The shopkeeper scribbled greedily in the margins. Pauline could tell he was already tallying up the outrageous profits he’d turn on this one order alone.
“May I view the list?” the duke said.
“But of course, your grace.” Snidling turned the ledger so the duke might view the page.
Griff ran his finger down the list, nodding with approval.
Then he grasped the page and ripped it from the ledger. “Thank you,” he said, folding the paper in two and creasing it smartly. “This will prove helpful when we place the order with your competitor.”
The shopkeeper flashed a nervous smile. “Your grace, I don’t understand.”
“Really? Don’t you? Then permit me to make it clear.” He approached the man until the difference between their heights was evident. “Perhaps Miss Simms accepts your measly, insulting apologies. I do not.”
“B-But, your grace—”
“I would offer you a farewell, but I don’t bother with insincerity. I hope you fare very ill indeed.”
Pauline wanted to cheer and applaud. Kiss him, in full view of everyone.

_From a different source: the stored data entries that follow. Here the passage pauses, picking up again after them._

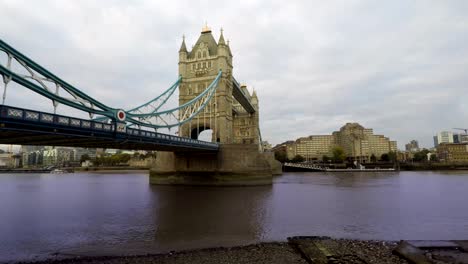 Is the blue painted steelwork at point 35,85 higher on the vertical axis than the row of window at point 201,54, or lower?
lower

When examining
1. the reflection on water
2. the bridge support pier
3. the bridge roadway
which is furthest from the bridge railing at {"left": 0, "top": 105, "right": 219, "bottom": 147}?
the bridge support pier

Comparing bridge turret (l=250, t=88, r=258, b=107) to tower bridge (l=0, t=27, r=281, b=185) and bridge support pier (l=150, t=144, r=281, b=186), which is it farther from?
bridge support pier (l=150, t=144, r=281, b=186)

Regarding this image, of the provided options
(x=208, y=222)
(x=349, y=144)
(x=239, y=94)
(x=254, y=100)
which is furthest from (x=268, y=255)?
(x=349, y=144)

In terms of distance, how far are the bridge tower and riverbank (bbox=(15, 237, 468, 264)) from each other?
31.4m

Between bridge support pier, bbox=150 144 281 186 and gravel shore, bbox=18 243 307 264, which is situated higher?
bridge support pier, bbox=150 144 281 186

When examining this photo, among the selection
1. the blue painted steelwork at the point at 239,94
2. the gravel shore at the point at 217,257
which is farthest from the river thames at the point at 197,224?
the blue painted steelwork at the point at 239,94

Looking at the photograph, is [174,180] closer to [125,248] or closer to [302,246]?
[125,248]

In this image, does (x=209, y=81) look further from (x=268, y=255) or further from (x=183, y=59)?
(x=268, y=255)

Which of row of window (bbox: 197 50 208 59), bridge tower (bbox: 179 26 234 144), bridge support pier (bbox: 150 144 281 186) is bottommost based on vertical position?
bridge support pier (bbox: 150 144 281 186)

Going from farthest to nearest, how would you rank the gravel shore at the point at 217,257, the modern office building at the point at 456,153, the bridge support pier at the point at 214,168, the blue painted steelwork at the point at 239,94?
the modern office building at the point at 456,153 → the blue painted steelwork at the point at 239,94 → the bridge support pier at the point at 214,168 → the gravel shore at the point at 217,257

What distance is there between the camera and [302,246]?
9.55 metres

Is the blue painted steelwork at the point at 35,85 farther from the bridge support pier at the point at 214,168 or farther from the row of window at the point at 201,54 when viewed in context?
the row of window at the point at 201,54

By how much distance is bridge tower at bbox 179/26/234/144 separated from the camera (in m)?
41.8

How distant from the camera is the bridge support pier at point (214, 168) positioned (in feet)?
115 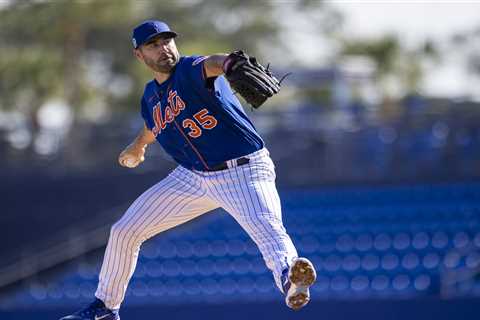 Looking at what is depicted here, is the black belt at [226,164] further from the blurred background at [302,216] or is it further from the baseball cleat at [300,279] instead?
the blurred background at [302,216]

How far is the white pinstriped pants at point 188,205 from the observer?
5449mm

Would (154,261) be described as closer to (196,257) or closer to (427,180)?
(196,257)

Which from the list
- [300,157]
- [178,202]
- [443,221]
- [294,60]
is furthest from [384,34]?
[178,202]

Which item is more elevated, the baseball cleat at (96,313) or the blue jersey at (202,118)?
the blue jersey at (202,118)

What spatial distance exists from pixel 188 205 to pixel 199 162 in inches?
10.9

Or at least stand there and gloat a few moments longer.
But Griff was eager to leave.
He ushered her out the door. “Don’t worry. We’ll find another shop.”

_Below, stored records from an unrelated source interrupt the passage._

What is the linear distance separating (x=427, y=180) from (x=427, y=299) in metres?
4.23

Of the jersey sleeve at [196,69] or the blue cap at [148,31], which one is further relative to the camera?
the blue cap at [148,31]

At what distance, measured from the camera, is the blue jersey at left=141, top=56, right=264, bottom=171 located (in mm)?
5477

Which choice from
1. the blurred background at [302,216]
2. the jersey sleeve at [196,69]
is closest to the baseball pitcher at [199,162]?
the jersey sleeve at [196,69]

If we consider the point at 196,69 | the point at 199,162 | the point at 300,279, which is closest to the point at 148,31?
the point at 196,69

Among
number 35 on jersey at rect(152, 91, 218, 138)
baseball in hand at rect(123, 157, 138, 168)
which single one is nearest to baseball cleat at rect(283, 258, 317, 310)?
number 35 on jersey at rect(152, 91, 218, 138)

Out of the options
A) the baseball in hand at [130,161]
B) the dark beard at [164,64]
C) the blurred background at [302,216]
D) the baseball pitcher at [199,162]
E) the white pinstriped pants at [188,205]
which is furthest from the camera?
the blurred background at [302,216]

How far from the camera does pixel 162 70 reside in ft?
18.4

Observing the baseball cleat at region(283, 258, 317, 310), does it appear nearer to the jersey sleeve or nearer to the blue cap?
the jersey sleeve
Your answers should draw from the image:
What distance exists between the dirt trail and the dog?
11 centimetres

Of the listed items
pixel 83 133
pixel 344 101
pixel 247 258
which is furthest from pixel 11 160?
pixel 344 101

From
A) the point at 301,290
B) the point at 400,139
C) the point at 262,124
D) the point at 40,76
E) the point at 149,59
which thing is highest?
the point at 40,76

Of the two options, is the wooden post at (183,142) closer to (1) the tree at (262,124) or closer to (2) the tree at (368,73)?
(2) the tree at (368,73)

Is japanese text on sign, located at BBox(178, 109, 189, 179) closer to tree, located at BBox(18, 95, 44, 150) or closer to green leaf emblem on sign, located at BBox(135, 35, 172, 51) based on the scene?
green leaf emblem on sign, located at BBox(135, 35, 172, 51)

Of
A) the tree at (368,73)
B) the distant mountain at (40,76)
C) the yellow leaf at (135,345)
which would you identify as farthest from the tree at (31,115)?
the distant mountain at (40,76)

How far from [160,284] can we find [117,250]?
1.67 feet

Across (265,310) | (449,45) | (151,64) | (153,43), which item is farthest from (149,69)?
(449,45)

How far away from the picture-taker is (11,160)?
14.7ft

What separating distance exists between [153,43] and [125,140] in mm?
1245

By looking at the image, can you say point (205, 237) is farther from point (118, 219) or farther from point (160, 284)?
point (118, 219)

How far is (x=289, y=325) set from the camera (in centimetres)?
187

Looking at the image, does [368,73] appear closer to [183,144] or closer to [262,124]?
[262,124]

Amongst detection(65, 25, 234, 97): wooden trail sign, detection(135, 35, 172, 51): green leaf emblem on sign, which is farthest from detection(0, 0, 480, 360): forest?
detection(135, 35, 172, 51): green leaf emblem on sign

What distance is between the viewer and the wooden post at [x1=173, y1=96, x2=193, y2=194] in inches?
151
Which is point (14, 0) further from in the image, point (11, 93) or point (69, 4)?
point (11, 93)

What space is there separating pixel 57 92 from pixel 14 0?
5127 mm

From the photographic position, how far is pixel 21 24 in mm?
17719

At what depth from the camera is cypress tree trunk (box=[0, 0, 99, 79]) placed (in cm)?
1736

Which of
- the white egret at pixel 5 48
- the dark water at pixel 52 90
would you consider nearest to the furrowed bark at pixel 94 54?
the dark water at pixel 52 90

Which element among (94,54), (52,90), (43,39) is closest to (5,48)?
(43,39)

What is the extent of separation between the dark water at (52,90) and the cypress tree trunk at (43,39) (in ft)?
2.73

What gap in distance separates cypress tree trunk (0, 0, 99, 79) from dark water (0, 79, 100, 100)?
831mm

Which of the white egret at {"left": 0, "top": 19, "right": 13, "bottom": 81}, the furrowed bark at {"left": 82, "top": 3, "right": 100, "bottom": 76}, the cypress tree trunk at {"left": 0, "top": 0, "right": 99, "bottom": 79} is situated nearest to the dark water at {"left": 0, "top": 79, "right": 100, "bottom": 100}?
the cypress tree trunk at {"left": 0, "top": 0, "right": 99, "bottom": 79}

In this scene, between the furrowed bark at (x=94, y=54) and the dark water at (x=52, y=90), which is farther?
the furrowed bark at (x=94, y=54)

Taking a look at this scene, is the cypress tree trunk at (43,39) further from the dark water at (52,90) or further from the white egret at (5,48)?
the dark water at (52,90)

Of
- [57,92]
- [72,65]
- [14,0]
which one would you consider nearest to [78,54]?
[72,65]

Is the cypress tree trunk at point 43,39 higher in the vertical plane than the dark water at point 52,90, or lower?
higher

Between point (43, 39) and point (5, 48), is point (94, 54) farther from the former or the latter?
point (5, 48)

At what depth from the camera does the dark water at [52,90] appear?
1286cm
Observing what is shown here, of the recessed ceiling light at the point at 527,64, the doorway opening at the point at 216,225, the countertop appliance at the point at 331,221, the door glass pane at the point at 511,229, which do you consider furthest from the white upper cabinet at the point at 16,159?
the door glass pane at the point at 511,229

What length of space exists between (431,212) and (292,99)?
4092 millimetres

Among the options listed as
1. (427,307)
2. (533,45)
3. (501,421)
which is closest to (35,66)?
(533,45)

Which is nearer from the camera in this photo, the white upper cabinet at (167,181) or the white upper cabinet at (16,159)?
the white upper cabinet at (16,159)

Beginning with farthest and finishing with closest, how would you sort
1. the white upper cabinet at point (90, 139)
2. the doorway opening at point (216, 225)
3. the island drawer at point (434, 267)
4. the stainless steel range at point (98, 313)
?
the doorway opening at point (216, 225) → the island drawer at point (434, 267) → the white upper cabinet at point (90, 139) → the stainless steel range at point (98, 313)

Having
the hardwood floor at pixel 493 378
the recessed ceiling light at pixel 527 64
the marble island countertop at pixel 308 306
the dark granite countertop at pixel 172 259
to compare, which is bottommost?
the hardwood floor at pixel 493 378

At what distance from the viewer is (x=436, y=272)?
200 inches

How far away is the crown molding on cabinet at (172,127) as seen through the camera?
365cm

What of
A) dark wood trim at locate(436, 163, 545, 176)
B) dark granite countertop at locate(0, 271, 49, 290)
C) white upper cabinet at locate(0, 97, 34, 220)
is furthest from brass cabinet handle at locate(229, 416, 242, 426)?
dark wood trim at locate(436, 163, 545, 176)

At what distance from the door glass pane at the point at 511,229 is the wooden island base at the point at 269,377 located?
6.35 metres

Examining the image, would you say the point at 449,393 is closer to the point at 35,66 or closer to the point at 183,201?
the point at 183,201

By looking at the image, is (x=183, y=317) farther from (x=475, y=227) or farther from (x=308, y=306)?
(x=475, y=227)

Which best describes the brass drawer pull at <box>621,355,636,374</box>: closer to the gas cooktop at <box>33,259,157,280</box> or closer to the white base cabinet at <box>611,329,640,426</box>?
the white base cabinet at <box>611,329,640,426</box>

“We don’t have to do that right now.”
“Yes, we do,” he replied. “I sent the coach around the corner to wait. Do you mind walking?”
“Not at all.”
He barely paused to gain her agreement before storming down the sidewalk at a terror of a pace. His boots hit the pavement with crisp reports, and his gloves flapped comically in his grip. Pauline had to dash to keep up with him.
“Sorry.” When he noted her struggles, he slowed his pace. “I’m angry at the moment.”
“Thank you for being angry. And for what you just did. The way you handled him was marvelous.”
He stared into the distance and snapped his gloves against his thigh.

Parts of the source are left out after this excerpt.